INFORMATION SUPPLIED:
****

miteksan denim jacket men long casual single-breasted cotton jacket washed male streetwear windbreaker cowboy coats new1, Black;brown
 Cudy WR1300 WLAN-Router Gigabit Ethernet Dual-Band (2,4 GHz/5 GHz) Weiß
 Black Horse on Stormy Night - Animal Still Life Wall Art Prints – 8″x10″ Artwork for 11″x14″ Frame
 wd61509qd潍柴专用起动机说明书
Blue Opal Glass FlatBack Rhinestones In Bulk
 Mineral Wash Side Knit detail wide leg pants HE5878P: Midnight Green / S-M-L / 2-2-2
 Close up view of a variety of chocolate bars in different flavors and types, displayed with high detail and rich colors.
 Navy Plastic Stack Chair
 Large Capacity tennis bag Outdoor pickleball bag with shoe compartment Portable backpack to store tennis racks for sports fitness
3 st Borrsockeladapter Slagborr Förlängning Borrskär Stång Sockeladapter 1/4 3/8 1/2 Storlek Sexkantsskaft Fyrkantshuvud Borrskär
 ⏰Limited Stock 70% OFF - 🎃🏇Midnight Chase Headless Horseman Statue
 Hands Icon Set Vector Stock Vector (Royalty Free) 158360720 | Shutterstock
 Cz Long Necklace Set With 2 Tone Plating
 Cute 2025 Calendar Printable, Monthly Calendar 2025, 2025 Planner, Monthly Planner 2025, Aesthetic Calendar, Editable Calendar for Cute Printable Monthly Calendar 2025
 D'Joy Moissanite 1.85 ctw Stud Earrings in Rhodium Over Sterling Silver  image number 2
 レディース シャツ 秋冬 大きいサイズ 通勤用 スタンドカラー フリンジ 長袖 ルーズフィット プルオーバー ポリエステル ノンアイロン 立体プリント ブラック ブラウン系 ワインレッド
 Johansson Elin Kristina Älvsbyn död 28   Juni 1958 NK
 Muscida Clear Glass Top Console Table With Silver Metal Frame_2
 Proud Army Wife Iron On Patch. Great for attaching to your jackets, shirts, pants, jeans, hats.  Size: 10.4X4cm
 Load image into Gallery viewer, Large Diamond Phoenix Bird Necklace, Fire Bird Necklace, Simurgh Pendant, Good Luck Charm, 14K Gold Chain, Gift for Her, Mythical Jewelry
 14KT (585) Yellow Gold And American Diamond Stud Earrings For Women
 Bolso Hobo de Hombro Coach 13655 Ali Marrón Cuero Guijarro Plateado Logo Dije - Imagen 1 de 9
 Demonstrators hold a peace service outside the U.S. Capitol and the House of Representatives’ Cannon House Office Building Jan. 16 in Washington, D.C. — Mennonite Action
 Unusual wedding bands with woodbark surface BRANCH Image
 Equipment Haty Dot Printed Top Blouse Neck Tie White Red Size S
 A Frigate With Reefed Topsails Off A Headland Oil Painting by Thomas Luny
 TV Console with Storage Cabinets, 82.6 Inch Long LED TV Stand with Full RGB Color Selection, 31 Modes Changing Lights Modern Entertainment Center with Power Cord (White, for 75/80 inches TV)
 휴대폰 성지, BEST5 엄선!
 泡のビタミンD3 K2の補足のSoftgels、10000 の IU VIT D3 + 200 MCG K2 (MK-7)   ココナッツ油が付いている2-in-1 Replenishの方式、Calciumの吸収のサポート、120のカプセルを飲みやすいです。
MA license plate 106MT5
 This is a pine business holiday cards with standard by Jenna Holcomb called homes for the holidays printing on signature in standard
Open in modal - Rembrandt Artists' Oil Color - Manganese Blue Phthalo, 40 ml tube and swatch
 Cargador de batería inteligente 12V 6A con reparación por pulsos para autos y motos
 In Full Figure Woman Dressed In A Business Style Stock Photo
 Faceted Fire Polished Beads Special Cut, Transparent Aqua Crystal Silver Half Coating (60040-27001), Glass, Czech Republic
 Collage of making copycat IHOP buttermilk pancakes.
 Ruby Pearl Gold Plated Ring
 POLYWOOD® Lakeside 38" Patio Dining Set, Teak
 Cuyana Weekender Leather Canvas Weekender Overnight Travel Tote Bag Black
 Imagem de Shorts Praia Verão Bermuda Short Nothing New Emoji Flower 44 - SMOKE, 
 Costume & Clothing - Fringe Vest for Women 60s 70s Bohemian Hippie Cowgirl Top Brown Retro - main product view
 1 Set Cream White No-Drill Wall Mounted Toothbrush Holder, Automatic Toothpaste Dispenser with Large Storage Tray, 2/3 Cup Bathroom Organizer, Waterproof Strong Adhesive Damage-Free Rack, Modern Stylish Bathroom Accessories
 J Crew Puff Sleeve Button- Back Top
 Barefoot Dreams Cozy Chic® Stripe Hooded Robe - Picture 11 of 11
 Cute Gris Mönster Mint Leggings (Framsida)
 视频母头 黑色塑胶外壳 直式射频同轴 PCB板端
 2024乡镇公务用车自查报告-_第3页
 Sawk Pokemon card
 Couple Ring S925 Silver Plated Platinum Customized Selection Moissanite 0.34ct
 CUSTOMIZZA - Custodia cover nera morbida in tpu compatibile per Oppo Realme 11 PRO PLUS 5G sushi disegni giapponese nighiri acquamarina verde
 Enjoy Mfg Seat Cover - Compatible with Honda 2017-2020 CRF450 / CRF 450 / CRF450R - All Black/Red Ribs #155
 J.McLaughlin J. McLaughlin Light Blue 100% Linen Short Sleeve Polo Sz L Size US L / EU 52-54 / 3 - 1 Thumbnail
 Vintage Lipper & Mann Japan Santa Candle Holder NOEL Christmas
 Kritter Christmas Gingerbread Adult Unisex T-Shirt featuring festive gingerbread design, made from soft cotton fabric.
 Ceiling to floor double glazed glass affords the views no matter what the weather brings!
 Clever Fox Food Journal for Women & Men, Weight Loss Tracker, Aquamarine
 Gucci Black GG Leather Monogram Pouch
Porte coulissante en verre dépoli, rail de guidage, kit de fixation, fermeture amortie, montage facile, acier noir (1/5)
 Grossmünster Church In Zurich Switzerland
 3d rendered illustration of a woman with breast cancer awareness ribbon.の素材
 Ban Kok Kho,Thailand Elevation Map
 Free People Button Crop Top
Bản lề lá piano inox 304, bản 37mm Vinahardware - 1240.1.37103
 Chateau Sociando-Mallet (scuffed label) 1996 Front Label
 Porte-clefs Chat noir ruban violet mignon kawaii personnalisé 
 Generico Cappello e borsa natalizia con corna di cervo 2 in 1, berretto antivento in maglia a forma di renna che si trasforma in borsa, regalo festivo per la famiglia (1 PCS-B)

****

The lines from the one containing "Grossmünster Church In Zurich Switzerland" through the last line of the records are to be transcribed exactly, with nothing else added.

REPLY:
 Grossmünster Church In Zurich Switzerland
 3d rendered illustration of a woman with breast cancer awareness ribbon.の素材
 Ban Kok Kho,Thailand Elevation Map
 Free People Button Crop Top
Bản lề lá piano inox 304, bản 37mm Vinahardware - 1240.1.37103
 Chateau Sociando-Mallet (scuffed label) 1996 Front Label
 Porte-clefs Chat noir ruban violet mignon kawaii personnalisé 
 Generico Cappello e borsa natalizia con corna di cervo 2 in 1, berretto antivento in maglia a forma di renna che si trasforma in borsa, regalo festivo per la famiglia (1 PCS-B)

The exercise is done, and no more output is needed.